Like a lot of Aotearoa, I spent today watching the police's efforts to clear the anti-vaxx / pro-Nazi occupation from Parliament and surrounding streets. Initially, it was mostly pushing and shoving, with some fire extinguishers and pepper-spray when things got heated. But after police began to take back Parliament grounds, it rapidly devolved into a full-on riot, with occupiers setting fires and throwing metal poles and cobblestones at police. They burned the Parliamentary playground, and tried to burn down the Old Government Building, the largest wooden building in the southern hemisphere. At one stage, they (again) tried to use a car as a weapon, reversing rapidly into a police line. I am amazed that no-one was killed.

It was probably always going to end this way. This occupation was violent from the start, with nooses, death threats, and execution lists from day one, and (fortunately muppetlike) attempt to storm Parliament in the first few days. As it embedded itself, it harassed and intimidated locals, while relying on the persistent threats of violence to discourage police action. And when the police finally did take action to stop it from taking over the streets and making them unsafe for local residents, the occupiers escalated their violence, throwing shit and acid and driving cars at police lines. This was just more of the same.

In the aftermath, I'm concerned about what this will mean for the right to protest, and particularly the right to protest at Parliament, where the government has to see you. Speaker of the House Trevor Mallard is already talking about turning it into a walled fortress, allowing the government to lock the gate whenever it doesn't want to hear from the peasants, and in the wake of this shitshow - which was nothing like any protest I have ever seen before in Wellington - he might be allowed to. A better idea would be to focus on the actual problem, and block cars, not people, either temporarily when required, or by pedestrianising the entire government precinct. Parliament's grounds are the People's Lawn, a taonga, and Mallard needs to guard them on our behalf, not try and lock them away from us.

I'm also concerned about what it means for police use of force. Generally, this was very restrained (which is good), but the final stages saw the police using rubber bullets on the streets against stone-throwing rioters. Which is not something I recall happening before in Aotearoa, and seems to be a significant escalation. It may have been a justified and proportionate use of force - cobblestones can cause serious injury, or even kill - but no-one should be comfortable with it, and we should all be deeply concerned that the police will start taking such weapons to protests in future, rather than keeping them in reserve for extreme situations (its bad enough that they're allowed to take tasers, which should never be required at any normal protest in Aotearoa).
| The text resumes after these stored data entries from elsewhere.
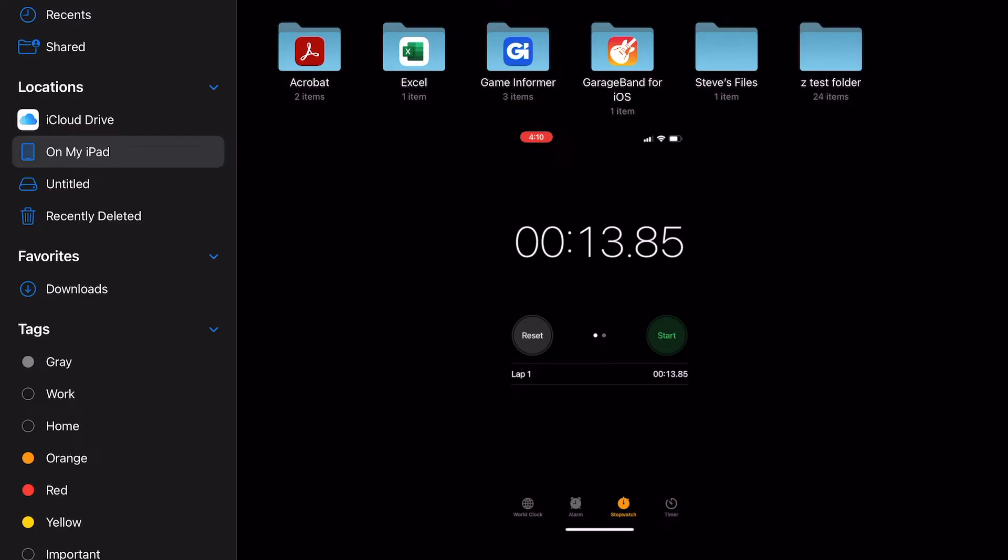13.85 seconds, which is not bad at all. It only took almost 14 seconds to transfer one gigabyte worth of data from an SD card to my M1 iPad Pro's internal hard drive.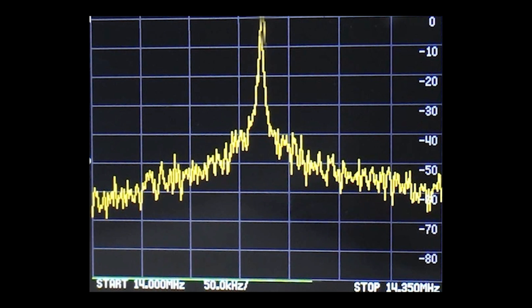This is a screen grab from my tiny SA. The Yaesu FTDX-101D is transmitting white noise into a dummy load. I'm sampling that and putting it into the tiny SA. This is reasonably clean — and I say reasonably — the mic gain is up pretty high here. Let's turn the mic gain up further so that it's past the ALC.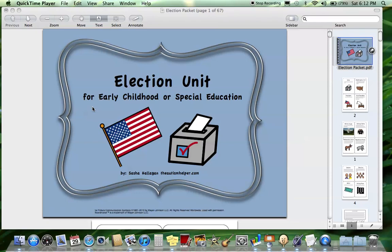Hi, this is Sasha from TheAutismHelper.com, and this is a product preview of my election unit for early childhood or special education. I'm going to take you through all the different resources in this packet. It's a pretty big packet, so I want to make sure you get an idea of everything that's in here.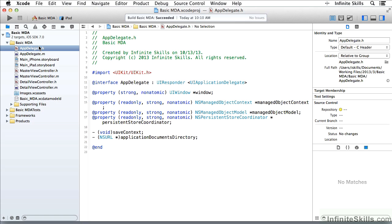Now let's look at properties and declarations in a little more depth. We've seen this .h file before, and now we'll look at it more closely. Notice the symbols here — the at signs. These are not part of the Objective-C language. These are compiler directives. They introduce messages to the compiler that will be used to generate code that is actually compiled.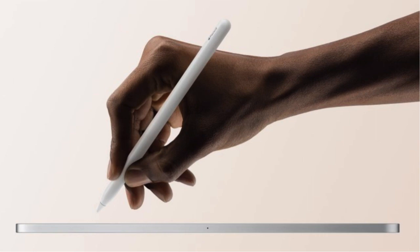The Apple Pencil was redesigned with a matte finish, improved grip, a new double tap gesture, and magnetic charging.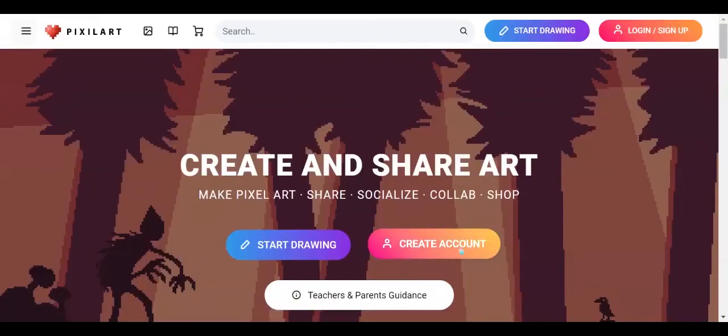Hi, I'm going to show you how to use pixel art. So today we are going to go to the pixel art website.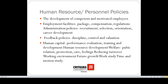If we talk about human resource policies, policies related to competent and motivated employees should be formulated. Policies regarding employment facilities like package, compensation, and regulations, as well as administration policies like recruitment, selection, orientation, career development, and feedback should be formulated in an organization.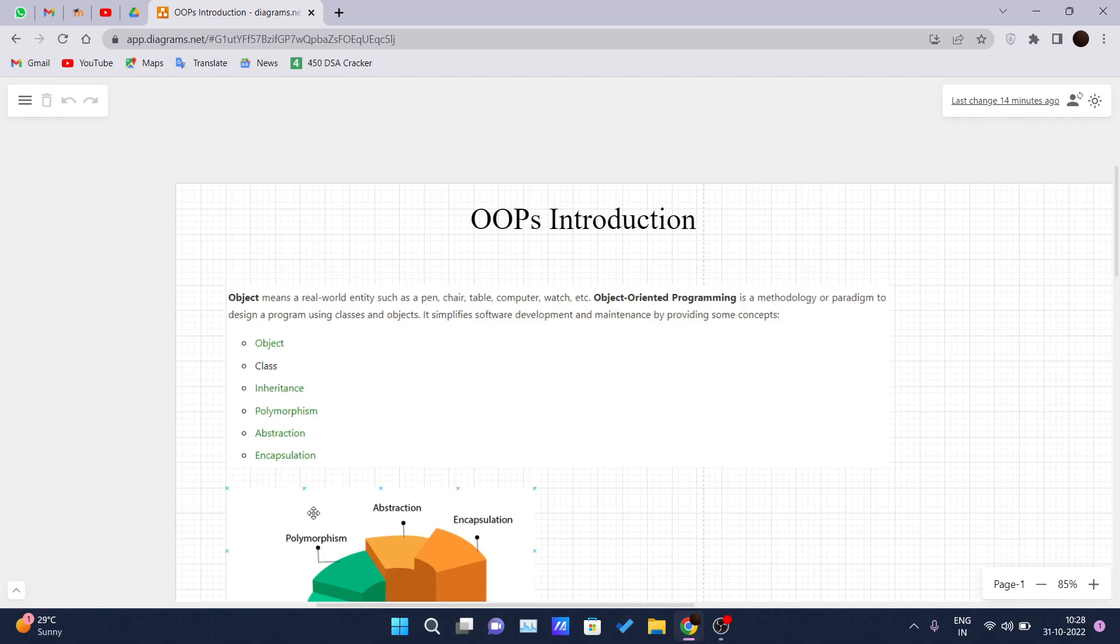And so first of all, object means the real world entity such as pen, chair, table, computer, watch, anything you see like windows, bed, are the object. Object-oriented programming is a methodology or paradigm to design a program using classes and objects.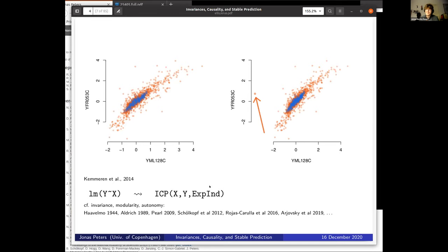The invariance principle means that if you are intervening somewhere in the system but not on the response, your model remains the same. You actually use this quite a lot — also in the medical sector. The treatment itself shouldn't affect how our body's response looks. If you intervene somewhere, it doesn't affect another mechanism. This is a very old and very well understood principle.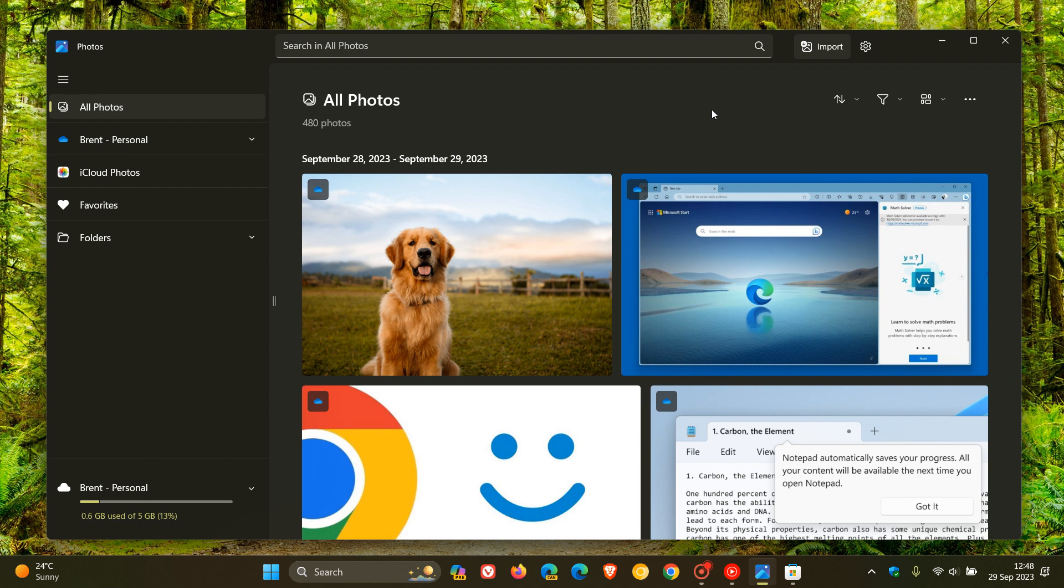I'll leave the Moment 4 feature update video down below in case you missed that. That will give you a good indication as to a lot of the features that did roll out in the Windows 11 operating system. So thanks for watching and I'll see you in the next one.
Finally, I hope the "celebrities", media figures, and politicians who enabled and excused this shitshow are taking a good, hard look at themselves at the moment. Today's events may not have been what people like David Seymour or rich white boat dude intended, but its how it ended up, and the public are fully entitled to judge them for their role in it, both politically and socially. If you were a friend to the occupiers, you should expect to have no friends now, because that stench sticks. And if they don't like that, well, maybe they should have shown a bit more care in their choice of friends.